For now, the new key can be downloaded from either of the following URLs:

Please go test and report back.

Hi.
Works nicely. Thanks a lot.

As of today, the following Kolab 16 CentOS_7 packages are signed with 830c2bcf446d5a45, https://obs.kolabsys.com/repositories/Kolab:/16/CentOS_7/repodata/repomd.xml.key :

kolab-schema
kolab-conf
kolab-ldap
kolab-mta
kolab-webclient
kolab-imap
chwala
kolab
kolab-autoconf

All others are signed with a01d0ca80038d0db, https://ssl.kolabsys.com/community.asc.

Can we get them all signed with the same key? Thanks!

Now that we have the GPG key thing in the OBS sorted, perhaps it is time to rebuild all of Kolab:16 indeed, and refresh what is referred to as community.asc.
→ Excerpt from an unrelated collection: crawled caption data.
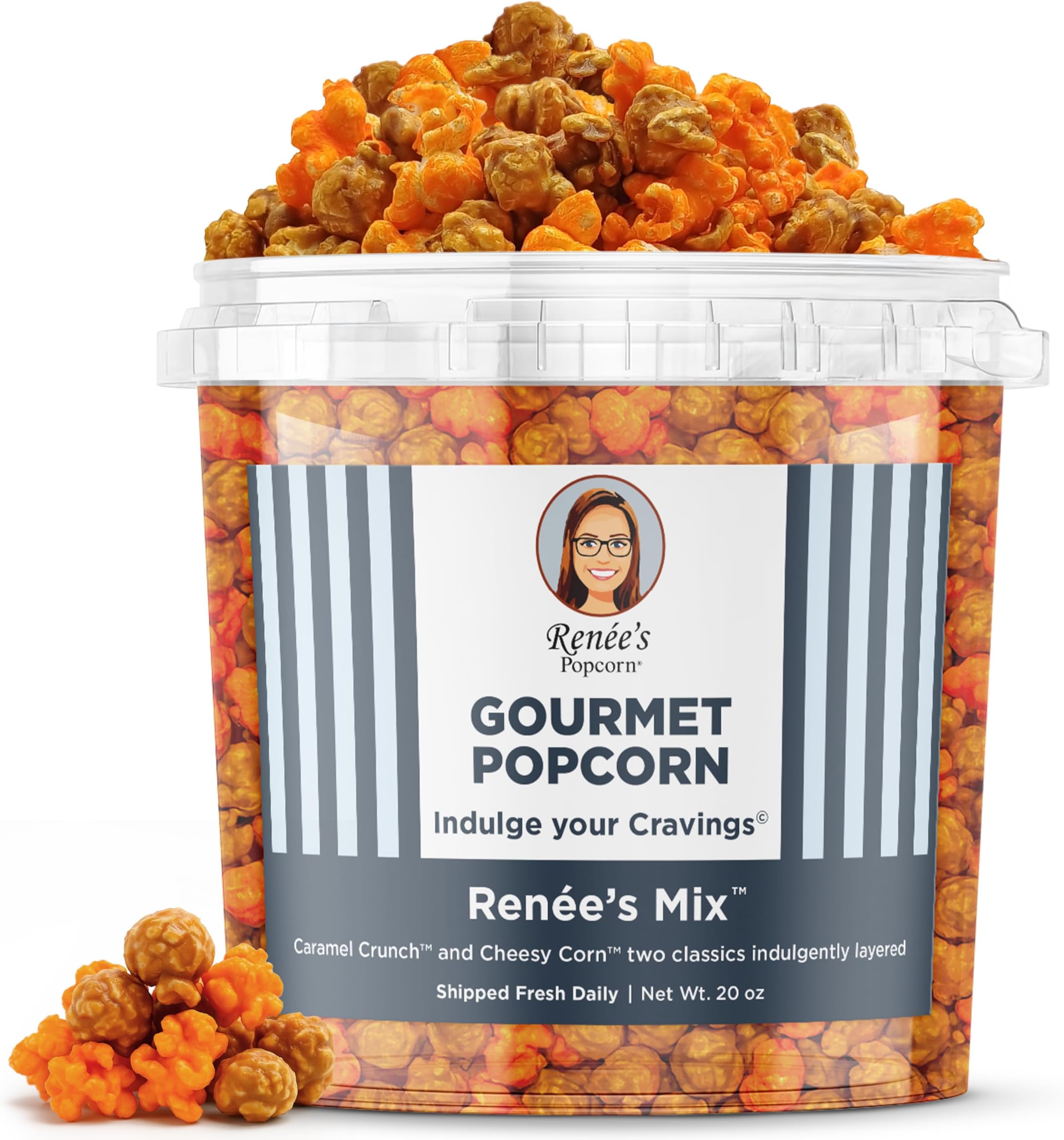 Renée’s Mix™ Gourmet Popcorn – Mix of brown sugar Caramel Crunch™ corn, Wisconsin cheddar Cheesy Corn™ - an indulgent, crispy, cheesy, sweet popped fresh, handmade, Chicago style snack or gift - 1.1 gallon plastic bucket tin, 20 oz bulk party size.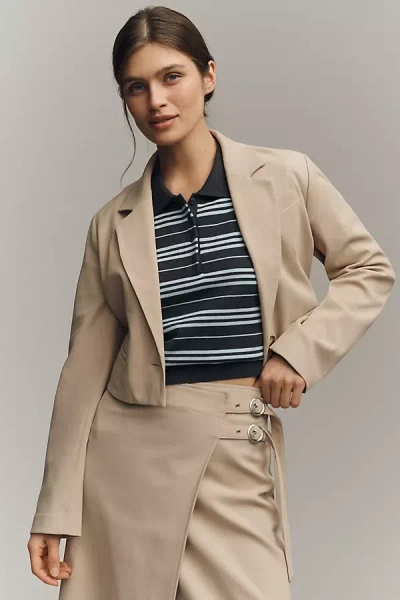 Maeve Cropped Boxy Blazer Jacket In Neutral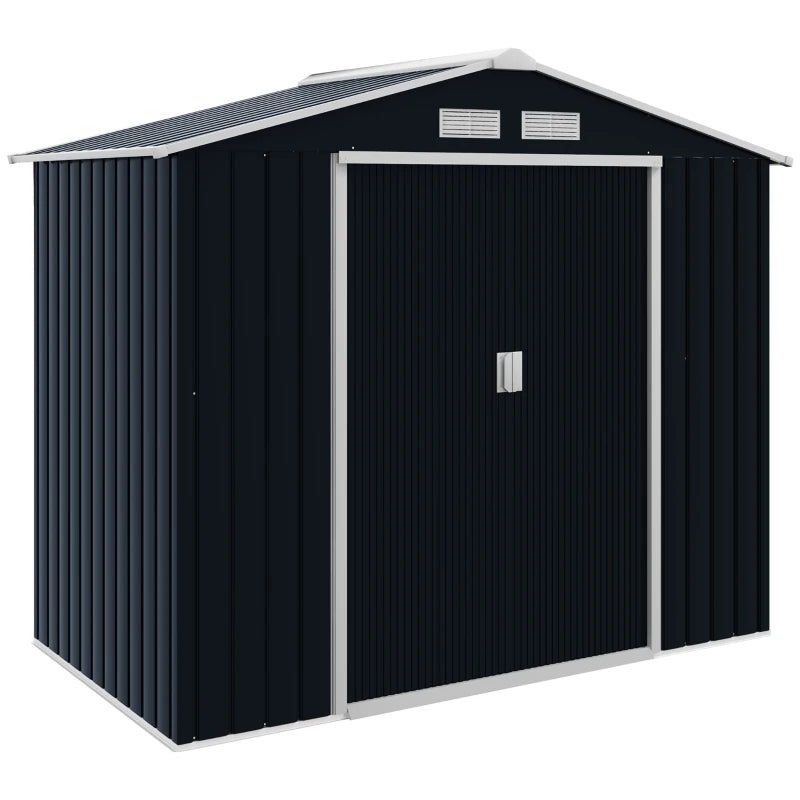 7'x4' Metal Outdoor Shed Organizer & Garden Storage avec 4 évents pour le flux d'air et 2 Easy Slide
Going about it now. Patience may be required.

As the 750+ packages are now rebuilding, I'm going to declare this issue as resolved. Please reopen / create a new ticket should some discrepancies persist.

The manticore project didn't seem to get built, so "setup-kolab manticore" (referenced on https://docs.kolab.org/upgrade-guide/kolab-16.html) gives:

2018-08-22 18:54:51,835 pykolab.setup ERROR [21612] Manticore is not installed on this system

As the 750+ packages are now rebuilding, I'm going to declare this issue as resolved. Please reopen / create a new ticket should some discrepancies persist.

I just did a fresh Kolab install on CentOS 7 and got this:

warning: /var/cache/yum/x86_64/7/Kolab_16/packages/pytz-2015.7-2.8.el7.kolab_16.noarch.rpm: Header V3 RSA/SHA1 Signature, key ID 446d5a45: NOKEY


Public key for pytz-2015.7-2.8.el7.kolab_16.noarch.rpm is not installed

UPDATE: I did try to import the newer key:

# rpm --import https://obs.kolabsys.com/repositories/Kolab:/16/CentOS_7/repodata/repomd.xml.key

But I still get the same error on install.

vanmeeuwen moved this task from Backlog to Done on the Engineering & Operations board.

Should be fixed by removing pytz from our repositories.